++++ Provided material ++++

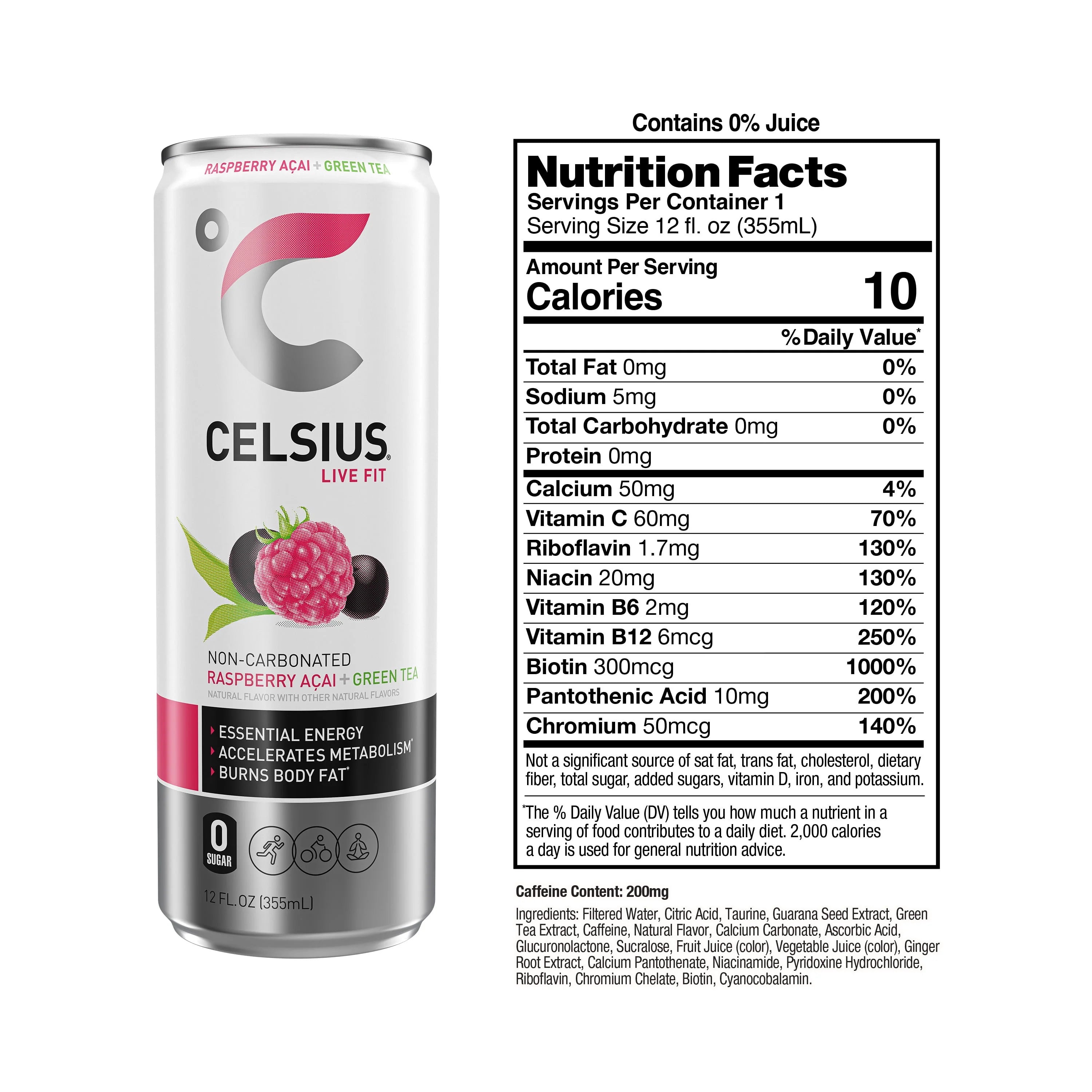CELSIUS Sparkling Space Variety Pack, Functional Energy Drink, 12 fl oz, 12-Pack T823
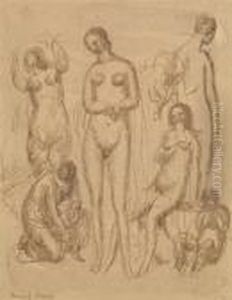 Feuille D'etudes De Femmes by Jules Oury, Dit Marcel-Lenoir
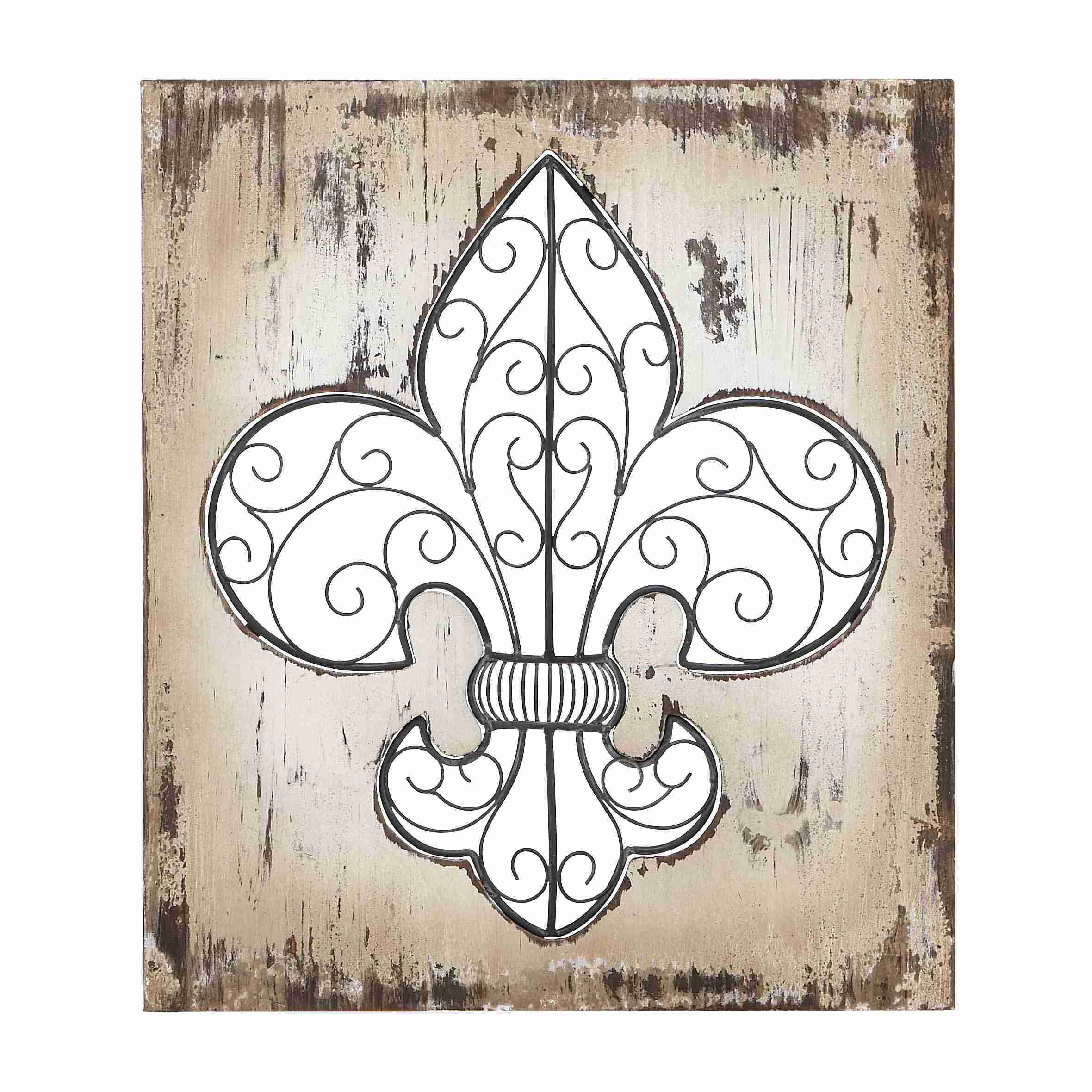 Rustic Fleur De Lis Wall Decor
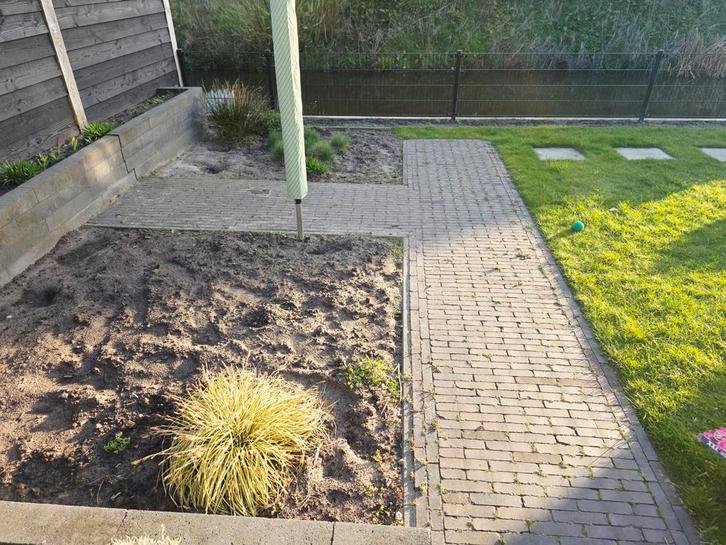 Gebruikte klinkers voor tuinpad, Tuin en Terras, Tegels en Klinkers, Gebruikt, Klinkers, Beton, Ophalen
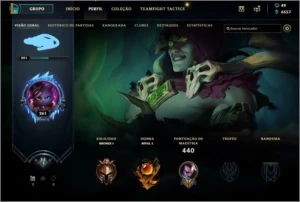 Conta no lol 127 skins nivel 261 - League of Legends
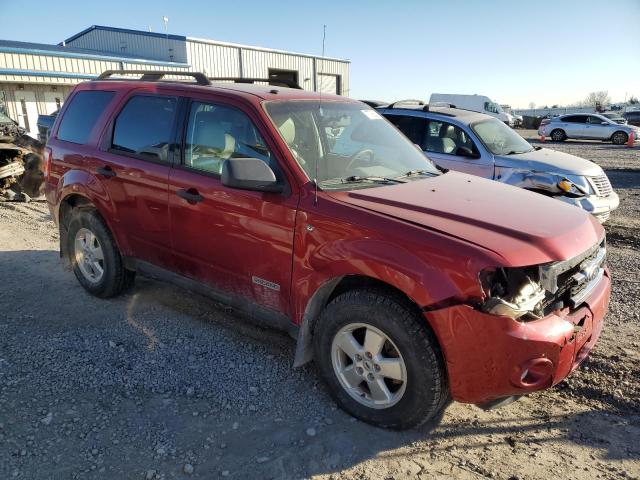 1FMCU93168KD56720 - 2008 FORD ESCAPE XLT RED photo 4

++++

*Your objective*: If a record holds a picture, drop the picture and reproduce everything else exactly.

*Task solution*:
CELSIUS Sparkling Space Variety Pack, Functional Energy Drink, 12 fl oz, 12-Pack T823
 Feuille D'etudes De Femmes by Jules Oury, Dit Marcel-Lenoir
 Rustic Fleur De Lis Wall Decor
 Gebruikte klinkers voor tuinpad, Tuin en Terras, Tegels en Klinkers, Gebruikt, Klinkers, Beton, Ophalen
 Conta no lol 127 skins nivel 261 - League of Legends
 1FMCU93168KD56720 - 2008 FORD ESCAPE XLT RED photo 4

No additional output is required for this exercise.